### TASK ITEM
Please copy exactly the part of the records below that opens with the line containing "Vicki the Halloween Vampire Girl" and closes with the line containing "Chaise de bureau", leaving out any pictures.

### GIVEN RECORDS
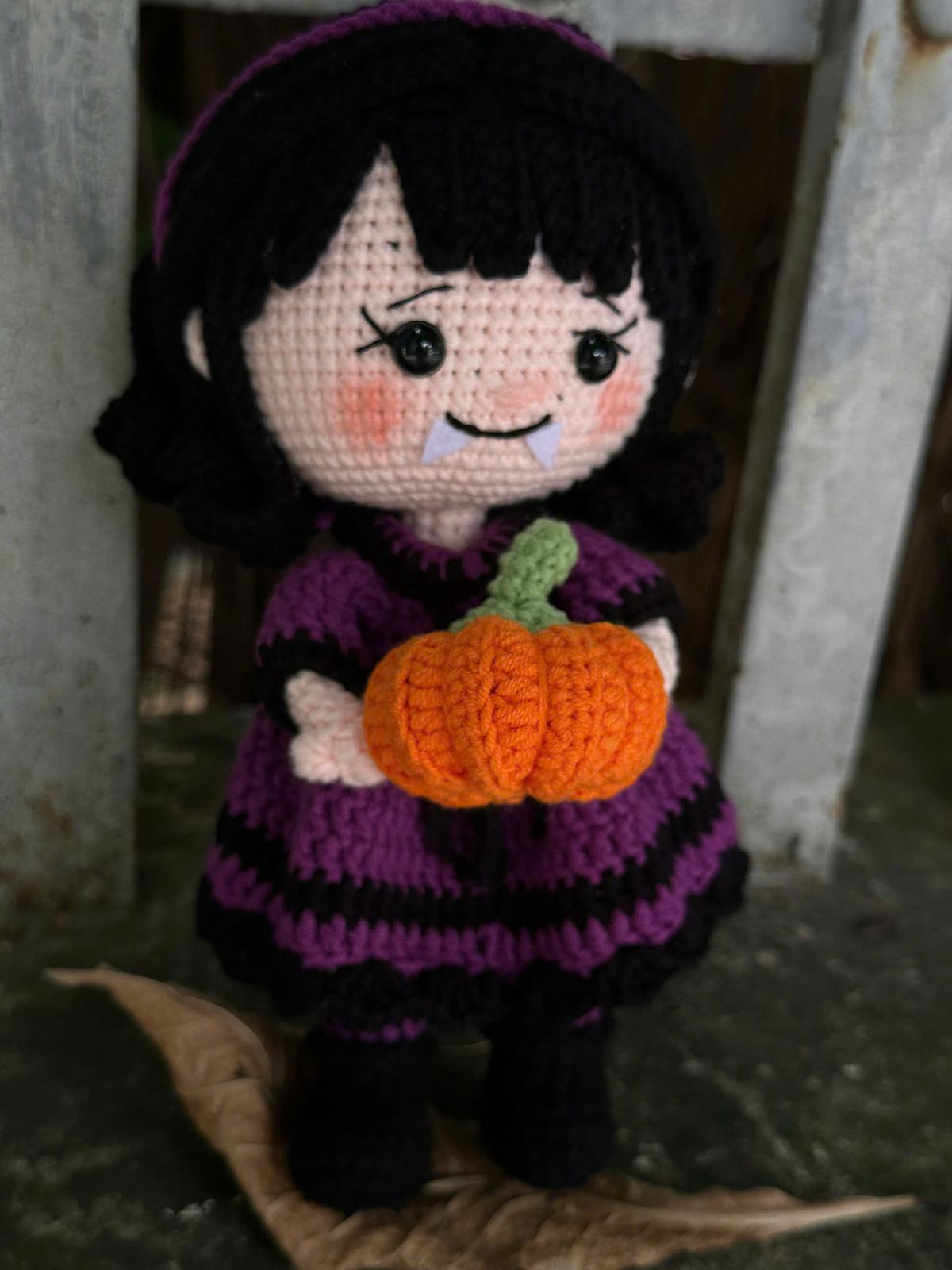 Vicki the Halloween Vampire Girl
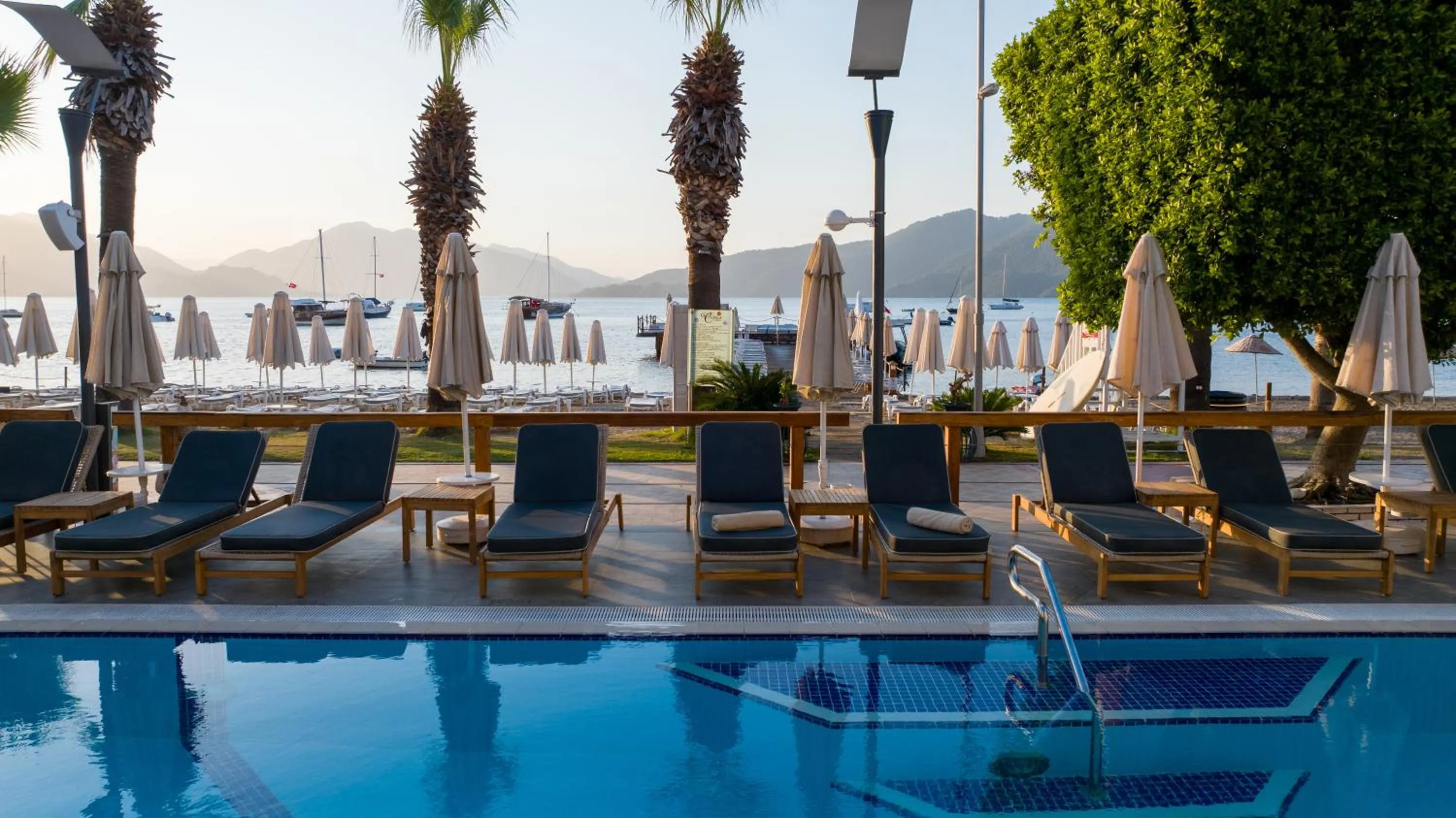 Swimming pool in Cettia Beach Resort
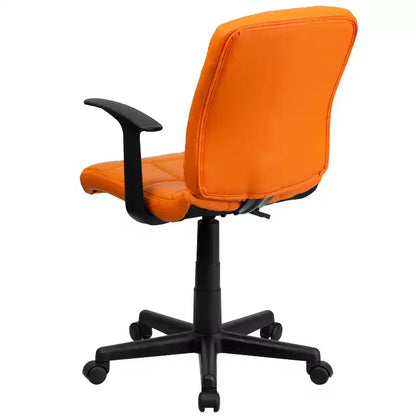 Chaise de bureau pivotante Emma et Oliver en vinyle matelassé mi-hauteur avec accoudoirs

==

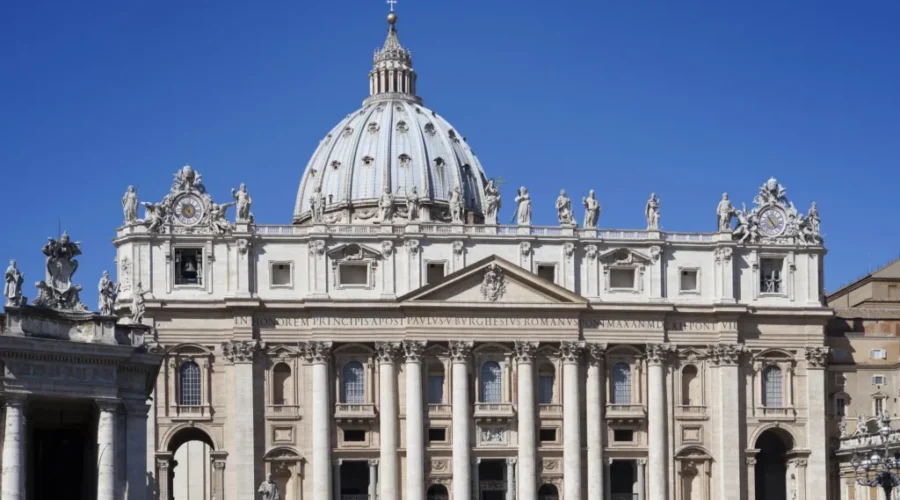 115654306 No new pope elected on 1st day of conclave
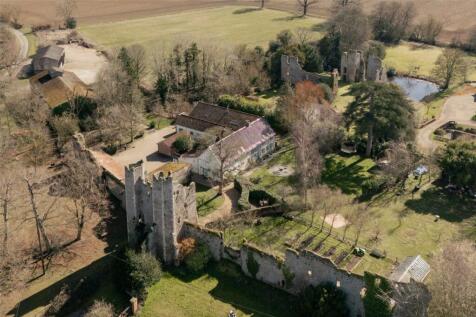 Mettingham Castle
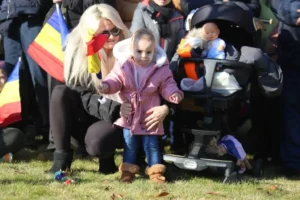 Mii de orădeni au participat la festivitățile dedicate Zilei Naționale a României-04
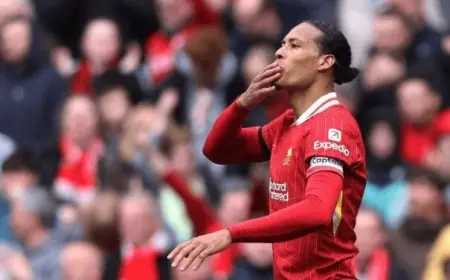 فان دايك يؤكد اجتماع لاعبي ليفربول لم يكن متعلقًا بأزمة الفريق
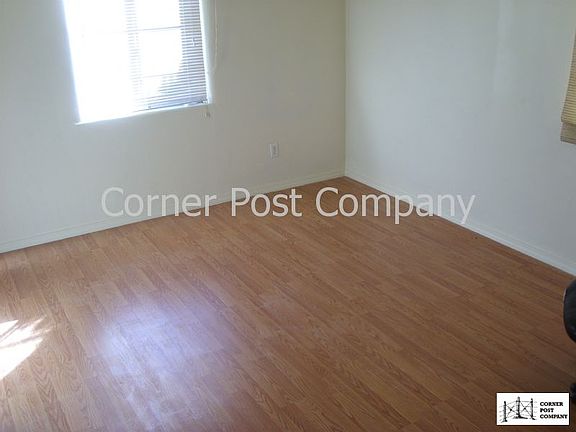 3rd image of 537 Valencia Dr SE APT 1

---

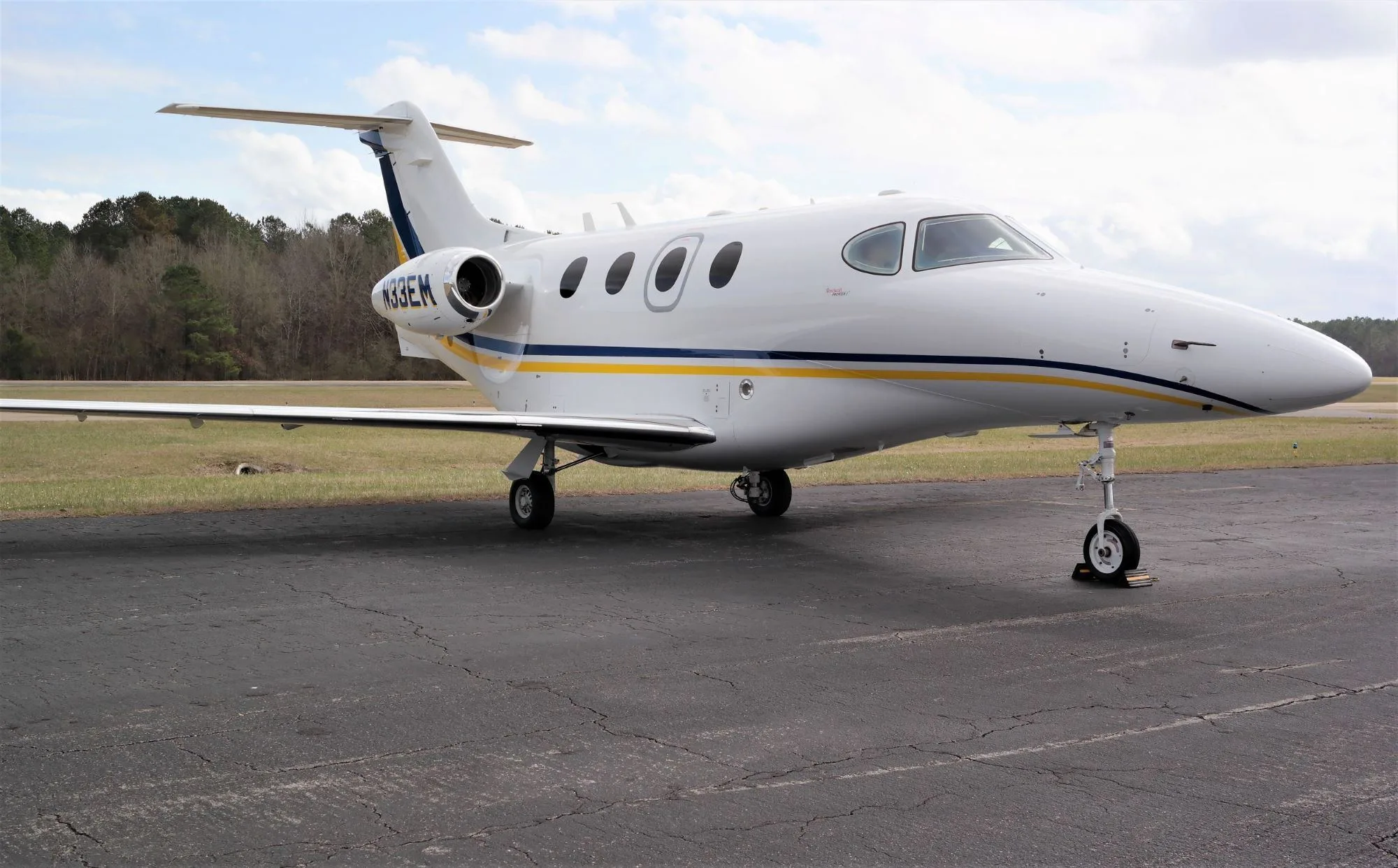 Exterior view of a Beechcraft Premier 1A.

### SOLUTION
 Vicki the Halloween Vampire Girl
 Swimming pool in Cettia Beach Resort
 Chaise de bureau pivotante Emma et Oliver en vinyle matelassé mi-hauteur avec accoudoirs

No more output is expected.